1869 -- On Black Friday, September 24, the stock market collapses, businesses fold one after another, and myriads of individuals are ruined as the country enters a severe depression.   The event was apparently spurred by a group of speculators headed by robber barons Jay Gould and James Fisk, when they tried to enlist the support of Federal officials in an attempt to corner the gold market. Also in 1869, the American Museum of Natural History opens its doors to the public.  At first housed in the arsenal in Central Park, it moves to its present location on Central Park West and 79th Street  in 1877.  One of the largest of its kind in the world, the American Museum contains in its buildings and exhibits some 30 million artifacts and items, as well as the Hayden Planetarium with a magnificent laser-beam caster..

1870 -- A pneumatic subway, invented by Alfred Ely Beach , co-publisher of the New York Sun, is tested  on 100 yards of track in a tunnel below Broadway, between Warren and Murray Streets.   Boss Tweed,  however, is invested in other forms of transportation, and therefore development of  this fan-blown project and a real subway is quashed and delayed for coming decades.

1871 -- Boss Tweed is arrested due to an extraordinary cost overrun for the County Courthouse,  now sometimes called "the Tweed Courthouse."   The project which was originally estimated at $250,000 eventually tallied up to $13,000,000, most of which went into the pocket of Tweed and his cronies.  The Courthouse was eventually finished in 1878.  Also in 1871, Grand Central Depot opens.  Financed with the capital of Commodore Cornelius Vanderbilt, the Victorian building on  42nd Street and 4th Avenue is the terminus of the New  York Central, New York and Harlem, and New York and New Haven railroads.  When the tracks that ran up the center of 4th Avenue to 96th Street are covered some years later, 4th Avenue is renamed -- Park Avenue.  (By this time the Commodore already owns all the incoming-railraods to the Ctiy.) The old Grand Central Depot was eventually razed and,  then,  replaced in 1913 with a beaux-arts-style building which is still in use today.  Yet another financial event occurred this year, when J. P. Morgan organized a new banking house, Drexel, Morgan and Co. Also in this year the Salmagundi Club is founded at 87 Fifth Fifth Avenue in a home that was built for Irad Hawley, president of the Pennsylvania Coal Company. Finally in1871, the Central Park Carousel is installed for the pleasure of children and adults alike. (The original carousel was replaced in 1968, after a  fire, with a another carousel from Coney Island.)  The power source for the first Central Park carousel was is mule situated in a basement below the carousel's platform. 

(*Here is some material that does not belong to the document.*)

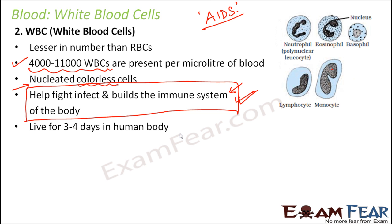The longevity of WBCs is very less — their lifespan is only three to four days inside the human body, compared to red blood cells which have a lifespan of almost 120 days.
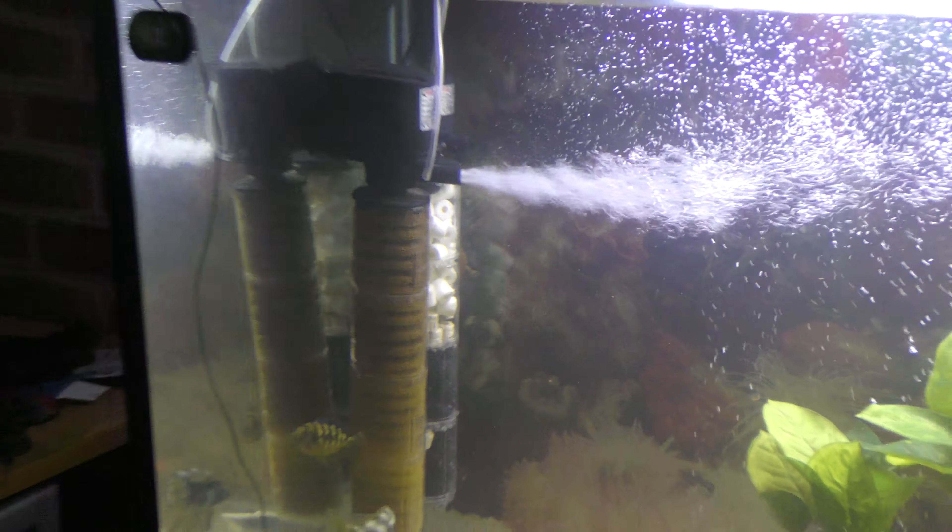I tested it again yesterday — still zero ammonia, zero nitrites, and some nitrates. So there you go guys, it is possible to literally instantly cycle an aquarium. I don't know what the beneficial bacteria were eating when I first put the fish in — they must have starved for a little while until the fish produced waste and I fed them.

1872 --  Victoria Woodhull becomes the first American woman to run for president.  She is backed by Vanderbilt money and a small fortune made in  her own Wall Street brokerage firm,  the first ever operated by a woman.  On Christmas Eve, a great fire ravages P. T. Barnum's circus, menagerie and museum, quartered for the winter in the Hippotheatron on 14th Street. Only one camel and two elephants escape with their lives.